Reuters noted that killing civilians in a military conflict is a war crime. Witnesses were frightened into silence, and bodies were buried or burned to cover up what happened:
“The Reuters investigation found that Nigerian soldiers took aim at children of all ages in battlezones around the northeast because the army presumed the children were, or would become, terrorists. Soldiers selected babies and toddlers for killing after rescuing them and their mothers from Islamist militants; rounded youths up for interrogation and killing in raids of homes and marketplaces; or slaughtered children along with adult civilians in counterterrorism operations that were intended to leave no survivors. When commanders ordered towns to be cleared of presumed insurgents, soldiers said they understood, and sometimes were explicitly told, that children’s lives were not to be spared.”
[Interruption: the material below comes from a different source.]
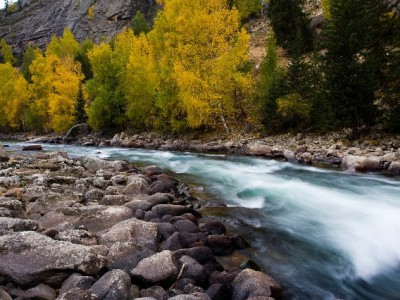 广元医保账户取现要多久？流程、时效与实用攻略全解析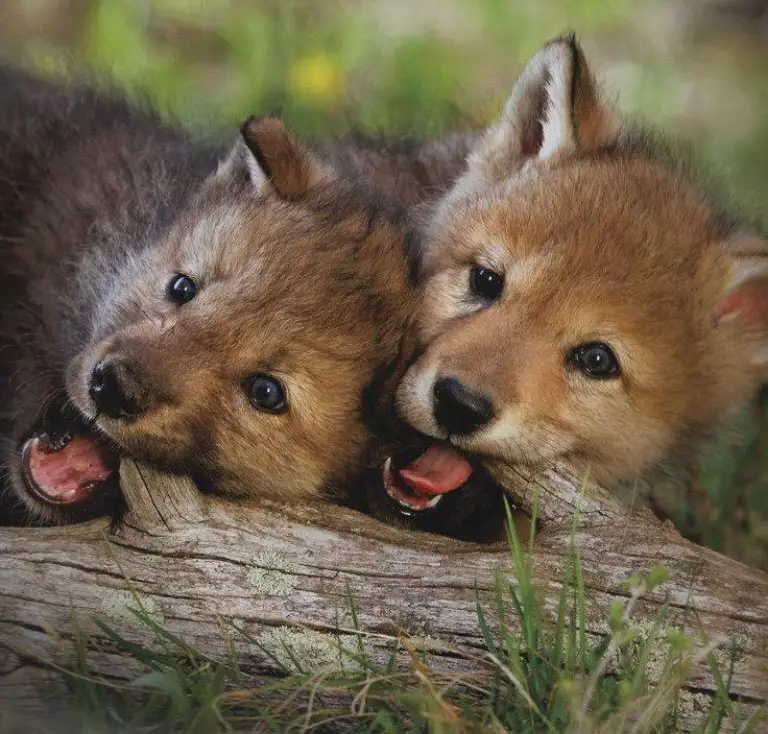 Two wolf cubs chewing on a piece of wood.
In a statement to Polygraph.info, Reuters said, “Reuters is committed to covering Nigeria in an impartial and independent way, in accordance with our Trust Principles, as we do around the world. We confidently stand by our reporting.”
The Nigerian government has been struggling to combat Boko Haram and other insurgent groups. President Muhammadu Buhari was elected in 2015 on a counterterrorism platform.
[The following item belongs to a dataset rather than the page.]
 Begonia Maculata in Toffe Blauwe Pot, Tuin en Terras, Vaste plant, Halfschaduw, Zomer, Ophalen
There have been past reports alleging Nigerian military abuses in the conflict, including a video that surfaced in May of 2014 showing three Nigerian soldiers executing civilians thought to be part of Boko Haram or sympathizers.
In recent months, the government of neighboring Niger said 40 Boko Haram fighters had been killed on islets of Lake Chad. The Nigerian army claimed in September 2021 that almost 6,000 Boko Haram fighters had surrendered in recent weeks.
In its rebuttal to Reuters, the Nigerian Defense Headquarters said that between July 2021 and November, more than 82,000 Boko Haram fighters and family members had surrendered. That includes 24,000 women and 41,000 children, the statement said.
“The [northeast] Borno State Government is camping and accommodating them family-by-family, as per households, without having to separate the children from their parents,” the statement said. “In the same camp are thousands of pregnant women and nursing mothers. A total of 262 babies were born within a period of 4 months.”
The government is working to reintegrate rescued and surrendering family members into local communities, the statement said, claiming that nearly 5,000 had done so.
In May, U.N. Secretary-General Antonio Guterres visited a reintegration camp in Borno state and said the region needed more humanitarian help from the international community. The U.N. said 8.4 million people in the region need assistance, with 3.2 million not getting adequate food.
“The people affected by terrorism I met in Borno, Nigeria, want above all to go back home in safety and dignity,” Guterres said. “Borno is now a place of hope – showing that the way to fight terrorism effectively is to invest in livelihoods, reintegration and people's futures.”
But on December 10, a spokesman said Guterres called on Nigerian officials to fully investigate the Reuters report of coerced abortions, and to take “immediate remedial actions and accountability measures” if needed.